Gençlik dönemini atlatanlar bilir ki gençlikte insan bazı hataları görür ve “bu niye böyle ki” diye kendi kendini yer. Daha sonraki yaşlarda da insan “hatasız kul olmaz” hakikatini kavrar ve hatalar karşısında daha fazla affedici olur. Bilmiyorum belki de bu süreç bende böyle olmuş da olabilir. Bu konuda Sacit Adalı şunları söyledi: “İnsanlara hata yapma hakkını tanıyın. Ama nedir? Hatada ısrar etmek şeytanidir. Aynı hatayı defalarca yapıyorsa o zaman kötü niyetli olduğunu söyleyebilirsiniz.”

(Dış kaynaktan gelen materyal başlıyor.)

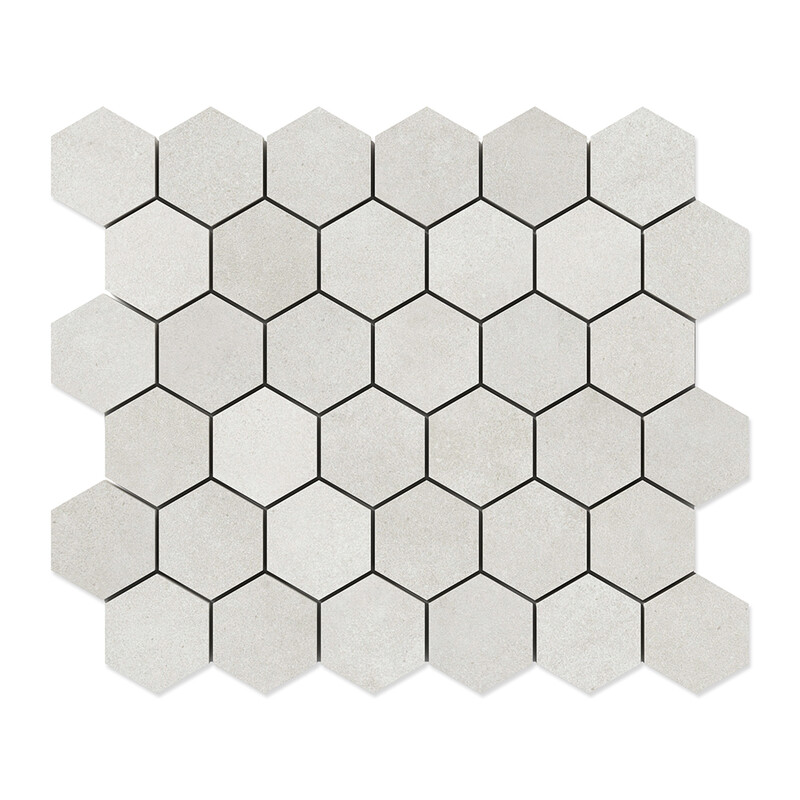 Smoke White  Hexagon 2 Porcelain Mosaic 10 3/8×12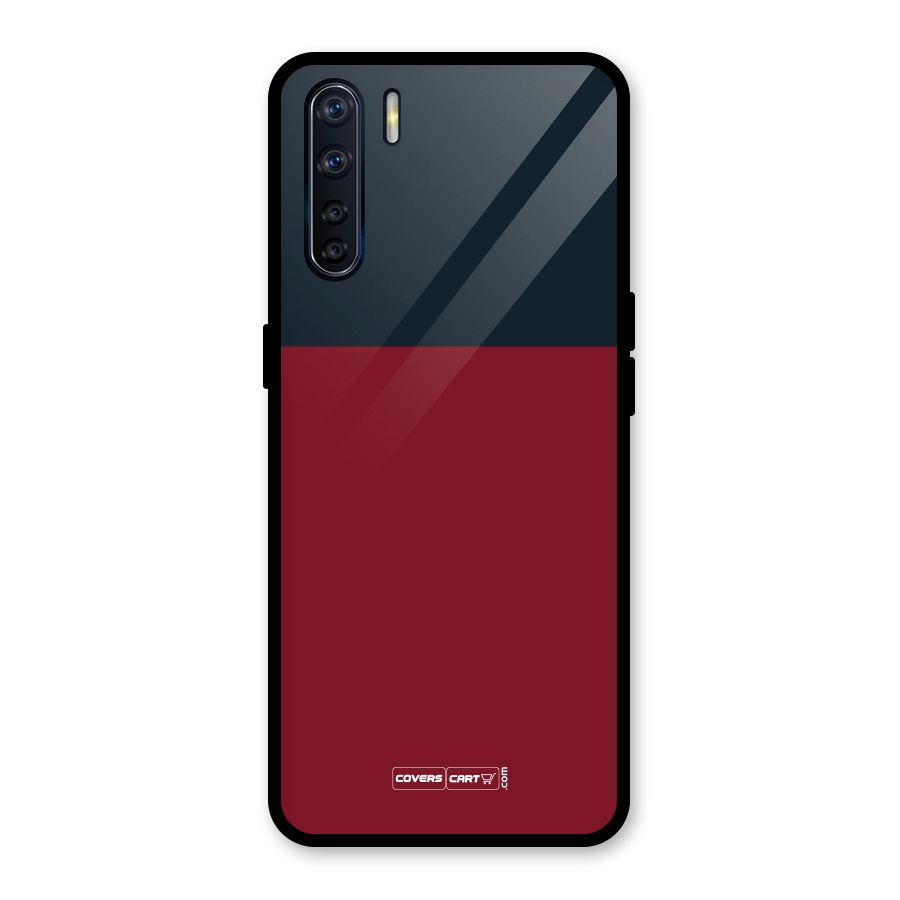 Maroon and Navy Blue Glass Back Case for Oppo F15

İnsanların çoğunun medyanın yönlendirmesi ile kanaat sahibi olduğunu da söyleyen Sacit Adalı, bu konuda şunları söyledi: “Demokrasilerde çok rahat insanları sürü gibi gütme imkânı var. Bir söz vardır; ‘Pireyi deve habbeyi kubbe yapıyor’ diye. Ufacık şeyi büyütürsünüz, istediğiniz zaman koskoca bir şeyi hasıraltı edersiniz. Medyanın bize gösterdiğini görüyoruz sadece.”

Mecelle muazzam bir metin

Yeni anayasa süreci ile ilgili de konuşan Sacit Adalı, anayasanın çok kısa ve öz olması gerektiğini, çünkü dünyanın bin bir türlü halinin olduğunu, her meselenin anayasaya koyulamayacağını söyledi. Kendi fakültelerinde hazırladıkları anayasa taslağının ilk maddesinin; “İnsan haysiyet, şeref ve onur sahibidir” şeklinde olduğunu söyleyen Sacit Adalı; “Böyle dediğiniz zaman bütün haklar zaten bunun içine giriyor” dedi.

“Biz kuru bir hukuk içindeyiz, bir ruh, bir yürek yok. Söylediğini gönülden söyle, az söyle, gönülden söyle” diyen Sacit Adalı, Mecelle’ye olan hayranlığını da şu cümle ile ifade etti: “Mecelle o kadar muazzam bir metindir ki bir cümlesi için bir kitap yazarsınız.” Burada bir cümle de ben ilave etmek istiyorum ki: Mecelle’ye hayran olmayan bir hukukçu zaten düşünülemez.

Sacit Adalı meclise “Her Türk” diye başlayan madde yerine şöyle bir madde önerdiklerini söyledi: “Türkiye Cumhuriyeti vatandaşlığı, ortak tarihi, coğrafyayı ve medeniyeti sahiplenen insanlarla devletin arasında yapılan hukukî bir bağdır.”